Kyrie: It depends on the month. Summers are mostly families with children – and motorcycle riders, who are older. In September when school starts back up, we tend to get retired or semiretired visitors with money. In October we get hunters, and in winter we get a more athletic crowd.
S-R: Do you ever worry the business might fail?
Kyrie: Every day. (laugh)
Kathleen: But I want to prove that small businesses still matter, and that it’s better to book with local people rather than one of 2,000 scattered across the country.
S-R: What do you like most about your job?
Kathleen: It’s never boring, and every day has a high point.
Kyrie: We deal with people who are excited about coming here, whether it’s a family vacation or a wedding. That’s fun.
S-R: Can you take vacations yourselves?
Kyrie: If we plan really well.
Kathleen: And I can answer emails anywhere – even on an airplane.
S-R: What do you like least?
Kathleen: I don’t like people going online and posting nasty comments if they don’t get their way. One couple had a blowout on the rental car and asked us to pay for a new tire.
S-R: Did you?
Kathleen: Yes. It wasn’t worth making them angry.
Kyrie: My least favorite part is the continual nature of the job. It’s like walking in front of a slow-moving semi – you’re fine as long as you keep moving.
S-R: What advice would you offer someone adding their vacation cottage to your listings?
Kathleen: Furnish it nicer than your own home.
S-R: How about tips for cabin renters?
Kathleen: Ask for recommendations.
Kyrie: And be realistic. City people and young clients expect a Bellevue apartment in a field of grass. They’re not prepared to shovel snow or deal with mice.
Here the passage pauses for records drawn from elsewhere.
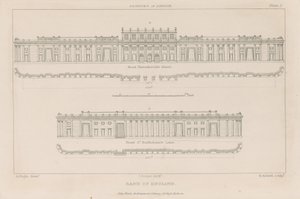 Bank Anglii, południowy front budynku Sir Johna Soane
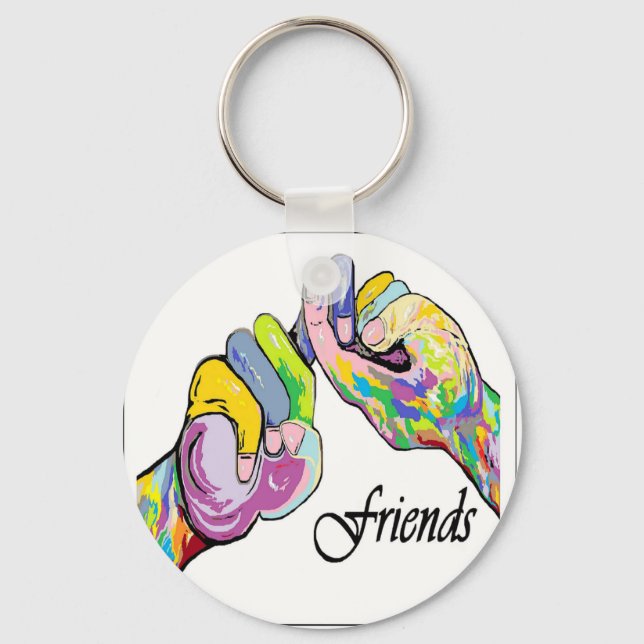 ASL Friends Key Ring (Front)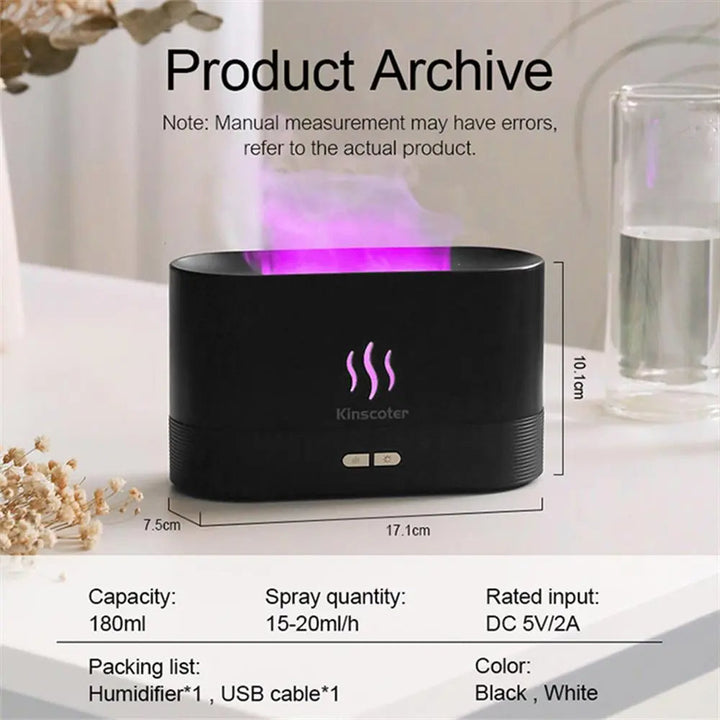 Electric Air Flame Humidifier Bowlift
S-R: What challenges lie ahead?
Kyrie: Keeping up with the big boys.
Kathleen: We recently redid our website and changed our name from Central Reservations to Methow Reservations to sound more local.
Kyrie: We’ll spend more than $20,000 upgrading our software this year. You have to invest to keep your tools sharp.
S-R: Looking back, what’s been the biggest surprise?
Kathleen: (laugh) The previous owners said we’d be busy three or four days a week. That sounded great! But we have a farm, and we haven’t had time to garden since we bought this. I haven’t even planted flowers.